The story of a former SBI Chairman’s arrest and release: the case of a resolution and retribution.
Sometime in early 2004. I was the last in-charge of the Reserve Bank of India’s Chennai Office of the (then) Department of Banking Operations and Development, now called the Department of Regulation. The following July the Regional Offices merged with the Bank’s Department of Banking Supervision (now Department of Supervision). Late in the afternoon, a short and quiet person walked in unaccompanied. He had recently taken over as the Chief General Manager of the Chennai Circle of State Bank of India. Seven years later he became the Chairman of the bank. He needn’t have troubled himself to meet me. At least the Reserve Bank I knew and admired never stood by such empty formalities. Nevertheless, the simplicity and humility of the man impressed me. Therefore, the news of his arrest shocked everyone who knew him.
SBI Chairman’s Arrest
The arrest on 31 October 2021 of Pratip Chaudhuri, former Chairman, State Bank of India, grabbed public attention but reactions were mixed. Some cynics consider any banker’s, including an SBI Chairman’s arrest, as well-deserved without further inquiry. Such callous responses are spawned by Wiki-pandits. One such wrote that Chaudhuri “… was arrested … for selling property as (sic) throwaway price to one company and he joined same company after retirement.” (Wikipedia as on 13 November 2021)

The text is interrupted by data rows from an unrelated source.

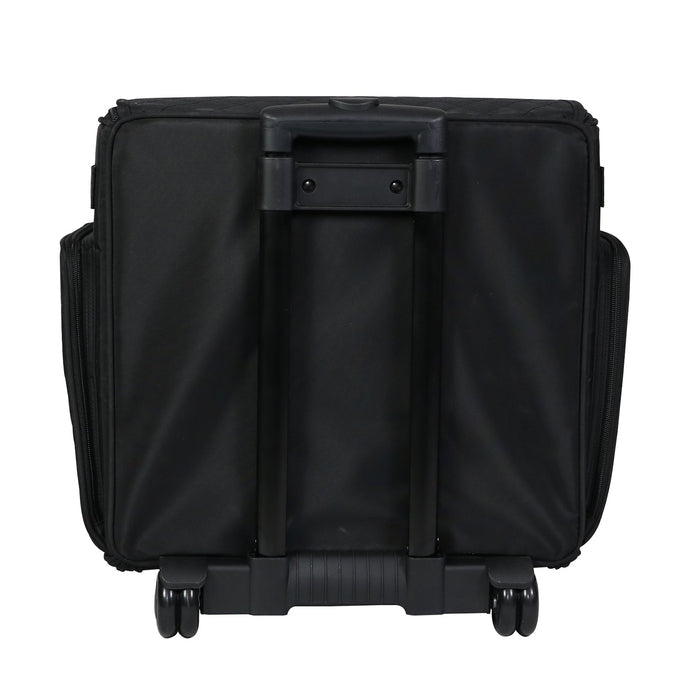Deluxe Collapsible Rolling Craft Case, Black Quilted
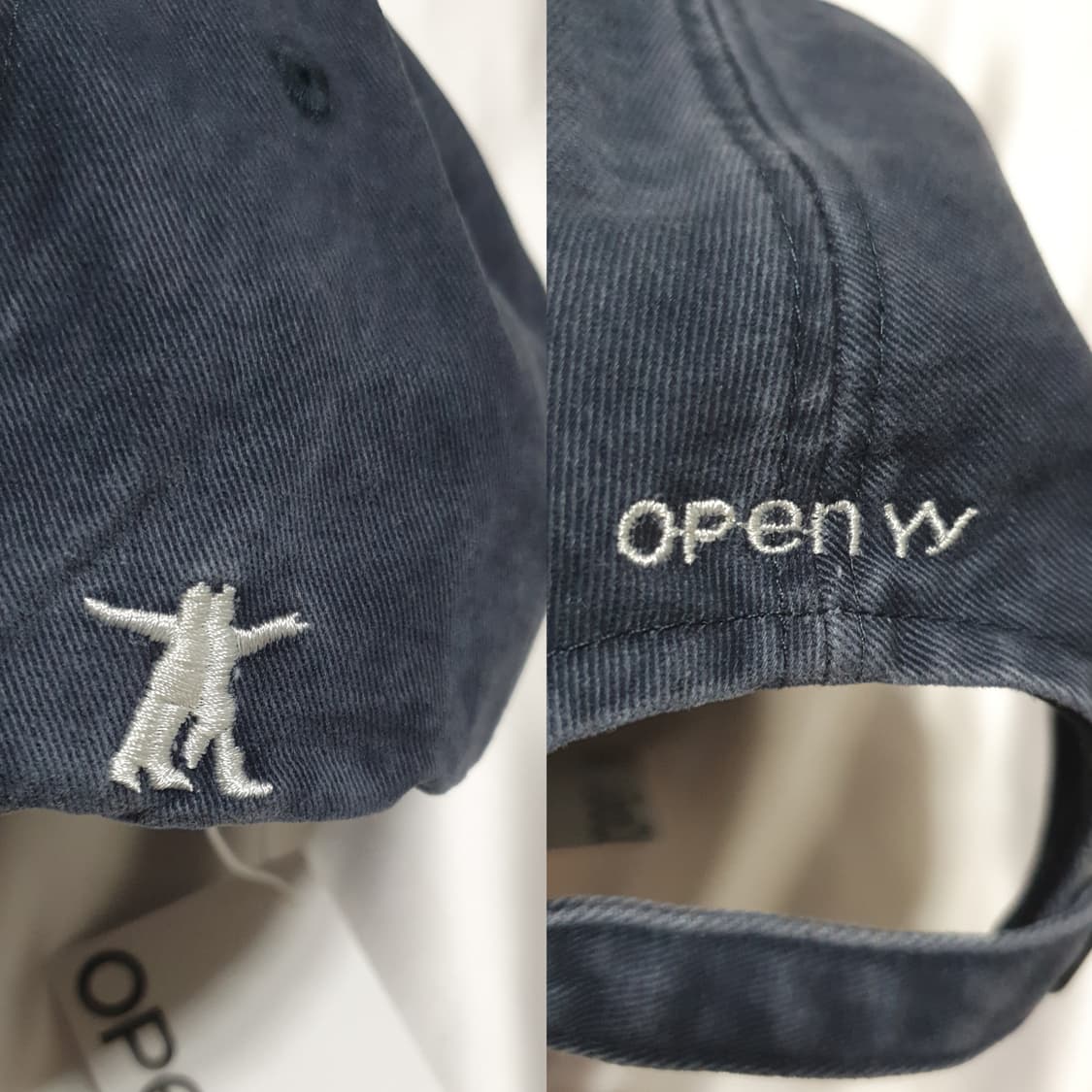 네이비그레이 오픈와이와이 로고 볼캡 모자 상품이미지6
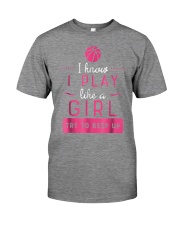 Basketball - I play like a girl Premium Fit Mens Tee tile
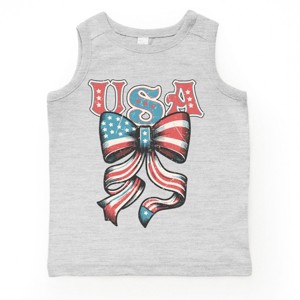 The Juniper Shop Coquette USA Bow Grunge Toddler Tank - 1 of 4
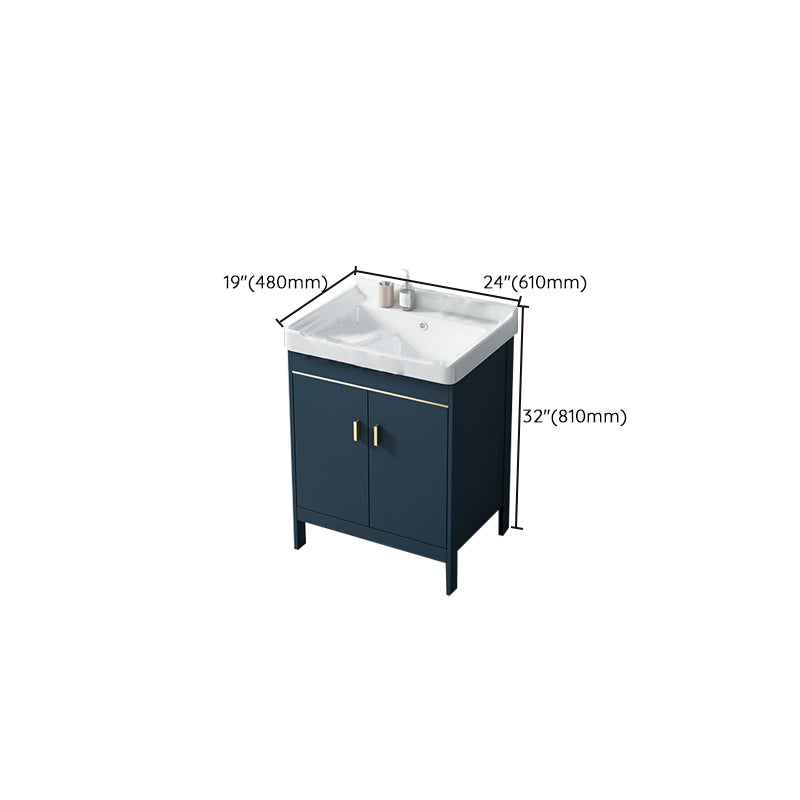 Modern Blue Bathroom Vanity Metal Frame Single-Sink Freestanding Vanity Set Clearhalo 'Bathroom Remodel & Bathroom Fixtures' 'Bathroom Vanities' 'bathroom_vanities' 'Home Improvement' 'home_improvement' 'home_improvement_bathroom_vanities' 7498345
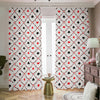 Poker Playing Card Suits Pattern Print Blackout Pencil Pleat Curtains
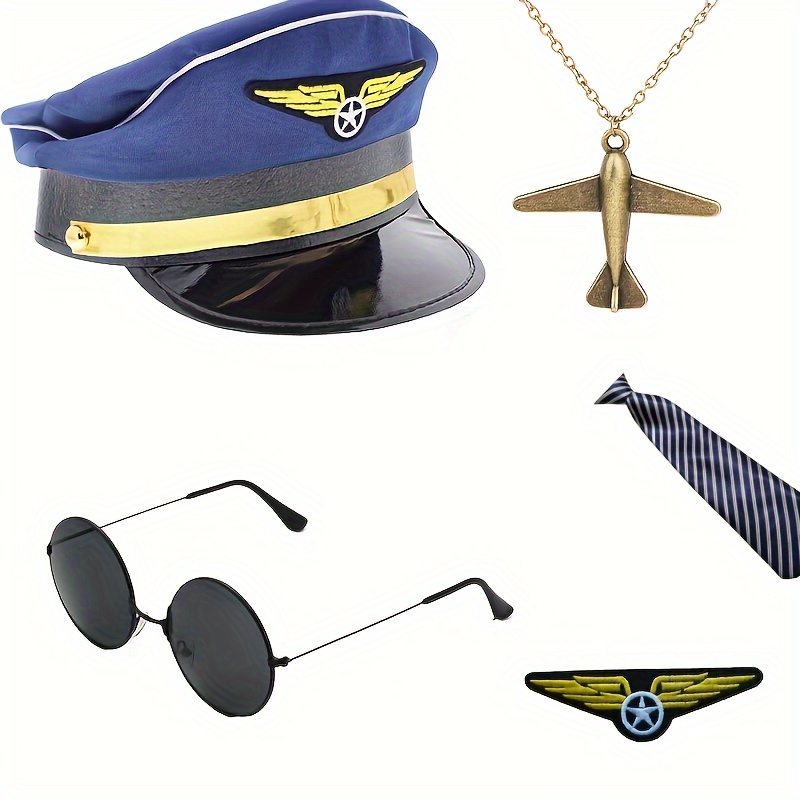 Captain Pilot Hat - Captain Pilot Hat In Dark Blue With Golden Emblem For  Costume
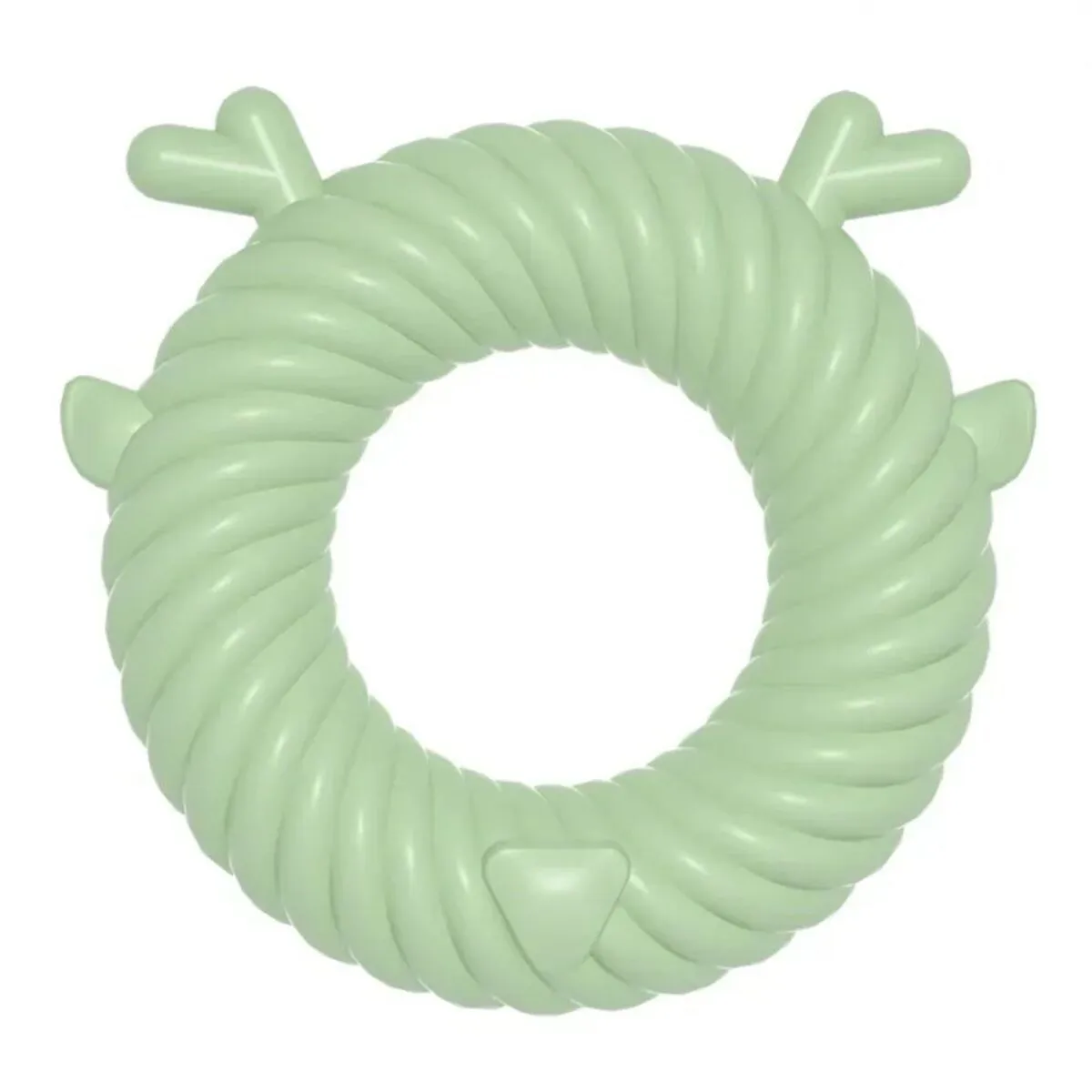 Deer-shaped TPR dog chew toy in light blue with spiral groove design for teeth cleaning.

Hotel Gaudavan Pvt. Ltd., which ran the luxury hotel, GarhRajwada, in Jaisalmer, availed a loan of Rs 24 crore and cash credit of Rs 1 crore from State Bank of India in 2008. With repayments not coming and the global financial crisis raging, the bank restructured the account in 2009. It became a Non-Performing Asset in June 2010. The bank recalled the loan. On non-payment, it approached the Debt Recovery Tribunal (DRT) in 2013 for Rs. 39.69 crore. It also proceeded under the Securitisation and Reconstruction of Financial Assets and Enforcement of Security Interest Act (SARFAESI) Act, 2002. To secure its financial interest, the bank assigned the loan to the Alchemist Asset Reconstruction Company (AARC) for Rs. 25 crore.
AARC pursued the matter in the DRT and under SARFAESI. It also approached the National Company Law Tribunal (NCLT) under the Insolvency and Bankruptcy Code (IBC). It had to move the National Company Law Appellate Tribunal (NCLAT) and the Supreme Court before the NCLT admitted the matter in March 2017. The promoters’ dilatory tactics, including not handing over company vehicles to the Interim Resolution Professional (IRP), delayed the process. These invited strictures from the NCLAT and Supreme Court. The promoters also filed an FIR against the IRP resulting in his arrest. The court quashed these proceedings.
In December 2017, despite promoters’ attempts to delay on frivolous grounds, the NCLT permitted sale of the hotel to JFC Finance. The lenders were paid in full while the promoters received just Re 1 per share or Rs 17.4 lakh. The case was the first such sale after the IBC barred promoters from bidding for their own assets.
Was there malfeasance?
The bank recovered Rs. 25 crore out of dues of Rs. 40 crore. Recovering over 60% is excellent when globally, such sales yield only around 30% or less. In India, recoveries average only 23.2% across various channels. It is highest at 45.5% through IBC. Recoveries through the SARFAESI route is 26.7%. Lok Adalats and DRTs come next with 6.2% and 4.1% of amount involved.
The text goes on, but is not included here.